### WHAT THIS TASK INVOLVES
Locate the line that contains "Femme mature se", then copy it and all later lines of the data below exactly, through the last one.

### PROVIDED INFORMATION
---*---
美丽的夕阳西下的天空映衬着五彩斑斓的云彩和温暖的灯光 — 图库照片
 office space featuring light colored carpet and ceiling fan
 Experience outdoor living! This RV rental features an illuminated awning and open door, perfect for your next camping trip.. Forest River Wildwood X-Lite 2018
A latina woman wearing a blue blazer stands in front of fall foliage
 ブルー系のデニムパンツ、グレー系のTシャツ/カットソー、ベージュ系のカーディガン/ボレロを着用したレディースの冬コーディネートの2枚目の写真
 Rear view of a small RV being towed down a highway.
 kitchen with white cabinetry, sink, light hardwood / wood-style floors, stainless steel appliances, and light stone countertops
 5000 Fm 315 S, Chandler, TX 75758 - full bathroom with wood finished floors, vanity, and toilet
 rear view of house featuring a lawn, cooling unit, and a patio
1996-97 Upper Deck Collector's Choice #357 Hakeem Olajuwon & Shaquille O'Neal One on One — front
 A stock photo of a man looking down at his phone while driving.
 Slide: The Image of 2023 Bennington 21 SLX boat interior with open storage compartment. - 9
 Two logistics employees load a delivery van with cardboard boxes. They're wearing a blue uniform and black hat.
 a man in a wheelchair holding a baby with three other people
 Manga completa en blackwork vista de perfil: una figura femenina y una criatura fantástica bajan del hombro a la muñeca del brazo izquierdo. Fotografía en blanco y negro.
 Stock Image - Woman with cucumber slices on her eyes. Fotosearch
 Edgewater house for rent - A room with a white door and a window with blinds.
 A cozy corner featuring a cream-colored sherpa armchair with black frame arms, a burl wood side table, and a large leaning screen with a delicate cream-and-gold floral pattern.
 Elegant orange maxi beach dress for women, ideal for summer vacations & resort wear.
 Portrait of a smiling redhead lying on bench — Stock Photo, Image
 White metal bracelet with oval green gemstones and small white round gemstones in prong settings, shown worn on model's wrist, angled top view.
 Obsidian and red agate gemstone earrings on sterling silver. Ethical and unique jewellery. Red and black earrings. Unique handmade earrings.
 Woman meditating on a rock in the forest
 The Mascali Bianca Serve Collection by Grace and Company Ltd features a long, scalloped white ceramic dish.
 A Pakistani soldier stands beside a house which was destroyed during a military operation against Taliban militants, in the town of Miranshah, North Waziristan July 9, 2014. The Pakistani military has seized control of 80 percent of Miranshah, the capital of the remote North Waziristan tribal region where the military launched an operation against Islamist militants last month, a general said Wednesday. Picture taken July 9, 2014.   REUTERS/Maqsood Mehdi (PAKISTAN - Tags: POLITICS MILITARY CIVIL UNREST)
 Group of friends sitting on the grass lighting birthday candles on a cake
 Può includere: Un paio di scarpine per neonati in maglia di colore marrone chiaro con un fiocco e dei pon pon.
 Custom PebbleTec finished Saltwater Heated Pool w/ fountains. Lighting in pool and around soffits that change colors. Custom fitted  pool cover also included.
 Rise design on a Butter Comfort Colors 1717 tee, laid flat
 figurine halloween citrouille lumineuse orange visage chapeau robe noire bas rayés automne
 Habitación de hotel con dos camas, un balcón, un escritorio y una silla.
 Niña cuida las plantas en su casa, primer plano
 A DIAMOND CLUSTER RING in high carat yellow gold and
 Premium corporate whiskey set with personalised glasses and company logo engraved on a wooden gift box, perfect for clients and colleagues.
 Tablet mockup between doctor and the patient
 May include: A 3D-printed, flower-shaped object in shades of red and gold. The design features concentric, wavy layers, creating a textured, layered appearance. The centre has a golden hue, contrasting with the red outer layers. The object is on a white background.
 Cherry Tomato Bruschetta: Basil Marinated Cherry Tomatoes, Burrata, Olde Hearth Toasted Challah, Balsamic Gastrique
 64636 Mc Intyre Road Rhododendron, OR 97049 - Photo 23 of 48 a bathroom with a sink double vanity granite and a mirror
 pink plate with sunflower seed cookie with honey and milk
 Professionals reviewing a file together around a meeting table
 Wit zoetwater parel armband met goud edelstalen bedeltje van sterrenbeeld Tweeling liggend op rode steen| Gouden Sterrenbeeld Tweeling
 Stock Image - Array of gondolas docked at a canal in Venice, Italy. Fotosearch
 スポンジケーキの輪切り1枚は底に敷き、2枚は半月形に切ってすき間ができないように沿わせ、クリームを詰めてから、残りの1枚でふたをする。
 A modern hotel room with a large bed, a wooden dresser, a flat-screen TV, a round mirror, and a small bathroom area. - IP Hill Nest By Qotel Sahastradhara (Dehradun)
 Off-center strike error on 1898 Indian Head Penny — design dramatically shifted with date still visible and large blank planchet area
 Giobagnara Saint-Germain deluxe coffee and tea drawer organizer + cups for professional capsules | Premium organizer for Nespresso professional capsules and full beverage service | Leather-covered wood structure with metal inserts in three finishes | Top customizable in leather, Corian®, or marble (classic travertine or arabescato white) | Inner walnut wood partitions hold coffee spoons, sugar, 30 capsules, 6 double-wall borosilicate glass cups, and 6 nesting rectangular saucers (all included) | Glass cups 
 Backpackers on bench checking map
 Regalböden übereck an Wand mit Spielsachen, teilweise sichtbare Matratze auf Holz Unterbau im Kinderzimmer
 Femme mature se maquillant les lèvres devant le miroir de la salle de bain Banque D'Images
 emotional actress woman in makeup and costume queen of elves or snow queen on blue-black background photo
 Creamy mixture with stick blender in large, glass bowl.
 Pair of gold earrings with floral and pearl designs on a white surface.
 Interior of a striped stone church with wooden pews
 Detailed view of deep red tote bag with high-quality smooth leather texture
---*---
### TASK SOLUTION
 Femme mature se maquillant les lèvres devant le miroir de la salle de bain Banque D'Images
 emotional actress woman in makeup and costume queen of elves or snow queen on blue-black background photo
 Creamy mixture with stick blender in large, glass bowl.
 Pair of gold earrings with floral and pearl designs on a white surface.
 Interior of a striped stone church with wooden pews
 Detailed view of deep red tote bag with high-quality smooth leather texture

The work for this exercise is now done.